■ YOUR INSTRUCTIONS
Your answer must be the data repeated exactly, with no pictures in it.

■ GIVEN INFORMATION

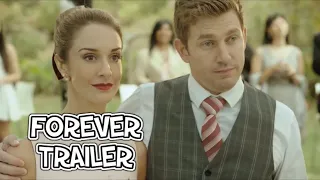 Forever - Trailer | Guarda il film completo IN ITALIANO per gli abbonati al canale!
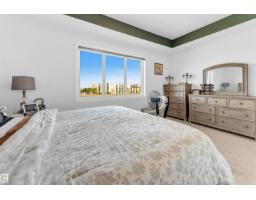 1634 16a St Nw, Edmonton, AB T6T2S1 Photo 39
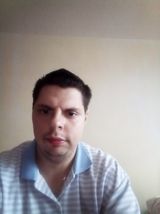 Benutzerfoto KolodziejF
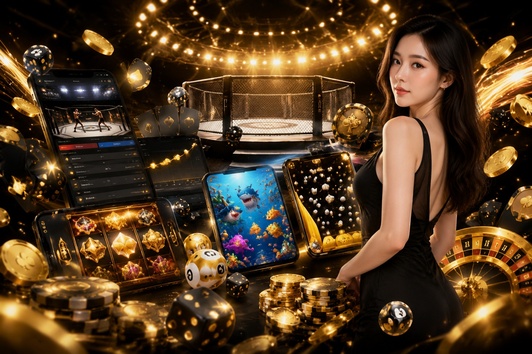 kss888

■ SOLUTION TO THE EXERCISE
 Forever - Trailer | Guarda il film completo IN ITALIANO per gli abbonati al canale!
 1634 16a St Nw, Edmonton, AB T6T2S1 Photo 39
 Benutzerfoto KolodziejF
 kss888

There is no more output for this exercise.